This IS possible, since I was a BBS Sysop in 1984-1985 and did put a LOT
of the early Project Gutenberg works on the Champaign County Computer Club
BBS during those years for free download, which might have included the
earliest versions of Alice.  My own recollection is that I did Alice
no earlier than 1985, after I moved into this house in September,
because I seem to recall doing the typing and proofreading at this
very desk on an early incarnation of this same computer system.
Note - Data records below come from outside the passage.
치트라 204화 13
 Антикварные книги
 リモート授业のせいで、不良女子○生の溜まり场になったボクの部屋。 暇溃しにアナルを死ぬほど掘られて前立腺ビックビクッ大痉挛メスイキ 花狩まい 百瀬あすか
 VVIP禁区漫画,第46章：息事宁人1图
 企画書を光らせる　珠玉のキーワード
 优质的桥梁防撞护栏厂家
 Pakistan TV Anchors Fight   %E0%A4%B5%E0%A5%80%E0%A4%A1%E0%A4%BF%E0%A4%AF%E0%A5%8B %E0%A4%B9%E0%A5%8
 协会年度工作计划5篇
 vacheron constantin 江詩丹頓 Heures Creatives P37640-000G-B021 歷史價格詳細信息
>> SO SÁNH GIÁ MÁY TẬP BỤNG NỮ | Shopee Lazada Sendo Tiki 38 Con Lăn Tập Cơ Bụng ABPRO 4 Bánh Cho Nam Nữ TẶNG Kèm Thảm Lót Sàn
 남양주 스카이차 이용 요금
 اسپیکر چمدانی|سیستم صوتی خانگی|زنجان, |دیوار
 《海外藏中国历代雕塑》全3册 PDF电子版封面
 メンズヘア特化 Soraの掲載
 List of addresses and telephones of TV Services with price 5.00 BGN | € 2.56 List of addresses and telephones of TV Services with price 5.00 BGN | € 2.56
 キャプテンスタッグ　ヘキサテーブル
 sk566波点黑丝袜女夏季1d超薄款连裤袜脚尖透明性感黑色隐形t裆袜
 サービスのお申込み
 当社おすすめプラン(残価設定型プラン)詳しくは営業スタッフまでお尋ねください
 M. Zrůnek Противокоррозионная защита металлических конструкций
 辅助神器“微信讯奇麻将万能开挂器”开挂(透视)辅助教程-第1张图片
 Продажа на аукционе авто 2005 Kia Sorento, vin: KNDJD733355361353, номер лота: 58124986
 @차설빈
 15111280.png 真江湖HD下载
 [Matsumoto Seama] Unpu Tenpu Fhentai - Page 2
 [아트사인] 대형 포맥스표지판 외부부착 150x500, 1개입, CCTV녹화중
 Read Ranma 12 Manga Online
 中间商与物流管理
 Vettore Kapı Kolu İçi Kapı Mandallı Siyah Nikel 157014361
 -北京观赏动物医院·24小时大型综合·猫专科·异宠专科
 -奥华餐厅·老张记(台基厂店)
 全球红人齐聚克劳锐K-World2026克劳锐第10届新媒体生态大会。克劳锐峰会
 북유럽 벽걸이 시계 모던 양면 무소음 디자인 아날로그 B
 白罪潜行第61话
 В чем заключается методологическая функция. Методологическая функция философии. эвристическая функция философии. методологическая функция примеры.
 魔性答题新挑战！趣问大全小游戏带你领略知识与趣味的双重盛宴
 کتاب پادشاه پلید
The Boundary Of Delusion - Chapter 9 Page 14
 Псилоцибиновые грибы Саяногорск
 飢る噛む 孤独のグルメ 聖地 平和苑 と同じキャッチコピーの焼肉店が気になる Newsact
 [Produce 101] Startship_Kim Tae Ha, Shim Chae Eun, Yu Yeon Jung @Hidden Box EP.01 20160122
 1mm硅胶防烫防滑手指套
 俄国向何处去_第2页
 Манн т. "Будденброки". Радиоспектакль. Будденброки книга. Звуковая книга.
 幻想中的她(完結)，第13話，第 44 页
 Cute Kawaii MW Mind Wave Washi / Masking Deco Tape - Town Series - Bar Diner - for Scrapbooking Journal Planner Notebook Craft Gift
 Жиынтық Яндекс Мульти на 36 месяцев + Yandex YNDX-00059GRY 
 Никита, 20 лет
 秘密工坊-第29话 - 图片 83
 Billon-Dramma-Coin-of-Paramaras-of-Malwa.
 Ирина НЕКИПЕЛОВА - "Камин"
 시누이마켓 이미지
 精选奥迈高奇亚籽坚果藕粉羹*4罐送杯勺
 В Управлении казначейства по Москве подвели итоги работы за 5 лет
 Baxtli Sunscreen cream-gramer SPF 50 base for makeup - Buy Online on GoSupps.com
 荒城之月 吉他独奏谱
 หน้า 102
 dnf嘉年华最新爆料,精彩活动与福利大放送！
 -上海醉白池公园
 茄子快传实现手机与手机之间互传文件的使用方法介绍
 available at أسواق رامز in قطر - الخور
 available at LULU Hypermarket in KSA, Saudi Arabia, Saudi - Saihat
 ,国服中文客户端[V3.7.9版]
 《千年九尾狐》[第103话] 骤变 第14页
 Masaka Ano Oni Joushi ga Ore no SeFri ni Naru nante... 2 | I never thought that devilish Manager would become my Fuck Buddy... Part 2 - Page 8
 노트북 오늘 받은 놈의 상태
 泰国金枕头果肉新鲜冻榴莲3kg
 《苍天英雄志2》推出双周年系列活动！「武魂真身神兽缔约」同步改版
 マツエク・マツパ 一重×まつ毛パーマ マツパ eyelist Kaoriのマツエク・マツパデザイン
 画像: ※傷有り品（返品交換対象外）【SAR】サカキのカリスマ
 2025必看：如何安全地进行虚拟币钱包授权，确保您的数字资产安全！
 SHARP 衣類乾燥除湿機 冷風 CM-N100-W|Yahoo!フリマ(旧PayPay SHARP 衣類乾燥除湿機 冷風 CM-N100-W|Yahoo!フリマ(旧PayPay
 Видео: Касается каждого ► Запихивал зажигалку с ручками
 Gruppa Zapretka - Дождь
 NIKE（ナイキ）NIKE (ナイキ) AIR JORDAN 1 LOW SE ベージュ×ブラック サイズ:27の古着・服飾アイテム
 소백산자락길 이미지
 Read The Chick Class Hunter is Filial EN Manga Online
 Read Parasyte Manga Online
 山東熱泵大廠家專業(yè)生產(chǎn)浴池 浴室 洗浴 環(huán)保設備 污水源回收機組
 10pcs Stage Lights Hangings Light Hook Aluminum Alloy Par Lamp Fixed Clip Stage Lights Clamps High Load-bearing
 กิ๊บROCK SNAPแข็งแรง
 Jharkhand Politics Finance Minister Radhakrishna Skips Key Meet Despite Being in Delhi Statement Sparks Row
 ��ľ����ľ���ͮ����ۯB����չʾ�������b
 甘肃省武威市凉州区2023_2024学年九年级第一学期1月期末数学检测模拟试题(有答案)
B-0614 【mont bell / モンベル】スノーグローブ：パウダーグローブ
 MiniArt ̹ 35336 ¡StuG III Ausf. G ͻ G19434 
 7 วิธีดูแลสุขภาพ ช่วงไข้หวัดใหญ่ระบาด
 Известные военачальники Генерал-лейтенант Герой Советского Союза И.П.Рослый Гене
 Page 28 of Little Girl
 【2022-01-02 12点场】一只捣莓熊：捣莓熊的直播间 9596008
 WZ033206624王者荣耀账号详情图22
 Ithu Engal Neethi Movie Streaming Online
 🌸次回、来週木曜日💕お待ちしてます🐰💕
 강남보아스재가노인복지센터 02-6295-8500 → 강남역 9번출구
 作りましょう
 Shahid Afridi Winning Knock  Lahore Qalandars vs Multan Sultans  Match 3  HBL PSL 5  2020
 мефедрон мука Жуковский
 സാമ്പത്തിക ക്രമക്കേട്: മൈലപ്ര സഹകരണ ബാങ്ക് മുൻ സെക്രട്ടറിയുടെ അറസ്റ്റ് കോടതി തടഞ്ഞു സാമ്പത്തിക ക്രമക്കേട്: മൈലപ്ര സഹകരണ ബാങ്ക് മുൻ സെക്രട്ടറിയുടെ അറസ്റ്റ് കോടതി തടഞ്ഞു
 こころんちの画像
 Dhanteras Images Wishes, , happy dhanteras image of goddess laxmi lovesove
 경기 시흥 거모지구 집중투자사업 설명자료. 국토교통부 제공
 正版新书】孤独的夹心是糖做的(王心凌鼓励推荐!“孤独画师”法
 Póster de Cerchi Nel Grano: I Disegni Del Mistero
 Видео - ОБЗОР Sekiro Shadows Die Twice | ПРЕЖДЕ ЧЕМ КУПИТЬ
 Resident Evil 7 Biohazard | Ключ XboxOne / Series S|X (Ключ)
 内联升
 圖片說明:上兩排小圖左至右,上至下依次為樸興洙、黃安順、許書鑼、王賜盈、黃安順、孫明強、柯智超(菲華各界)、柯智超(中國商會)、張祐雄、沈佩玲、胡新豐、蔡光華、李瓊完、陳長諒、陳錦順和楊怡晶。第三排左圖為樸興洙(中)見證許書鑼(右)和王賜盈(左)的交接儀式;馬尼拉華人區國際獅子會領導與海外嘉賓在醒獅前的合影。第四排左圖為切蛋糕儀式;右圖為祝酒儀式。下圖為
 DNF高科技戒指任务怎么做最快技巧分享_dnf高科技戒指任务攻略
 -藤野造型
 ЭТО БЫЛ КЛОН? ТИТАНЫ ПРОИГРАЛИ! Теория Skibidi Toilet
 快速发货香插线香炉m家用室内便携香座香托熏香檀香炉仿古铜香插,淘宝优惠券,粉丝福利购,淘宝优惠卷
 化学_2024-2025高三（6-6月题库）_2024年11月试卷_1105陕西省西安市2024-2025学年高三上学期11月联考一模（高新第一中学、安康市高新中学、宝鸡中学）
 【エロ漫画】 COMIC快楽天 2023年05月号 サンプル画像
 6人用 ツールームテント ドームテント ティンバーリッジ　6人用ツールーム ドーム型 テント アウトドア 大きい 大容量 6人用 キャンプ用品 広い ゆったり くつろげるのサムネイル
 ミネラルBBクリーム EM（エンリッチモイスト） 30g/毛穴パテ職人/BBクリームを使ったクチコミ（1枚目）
60,900,000 hits for "e-book" OR ebook OR ebooks.

60,900,000 hits for bomb.

Give eBooks in 2006!!!


Michael S. Hart
Founder
Project Gutenberg

From jon at noring.name  Tue Jan 10 08:10:19 2006
From: jon at noring.name (Jon Noring)
Date: Tue Jan 10 08:10:34 2006
Subject: [gutvol-d] Intro from PG text #26 (source text from 1964-5)
In-Reply-To: <BFE87D6C.438B%radicks@bellsouth.net>
References: <BFE87D6C.438B%radicks@bellsouth.net>
Message-ID: <1291928104.20060110091019@noring.name>

Dick wrote:

> See the introduction to PG etext #26, Paradise Lost, identified
> there as "the oldest etext known to Project Gutenberg (ca. 1964-1965)"

Wow!

Here's the Intro of that text detailing the source of the original
etext. Undoubtedly Michael Hart wrote this introduction since it is
nicely right-justified. <smile/> A comment and question below.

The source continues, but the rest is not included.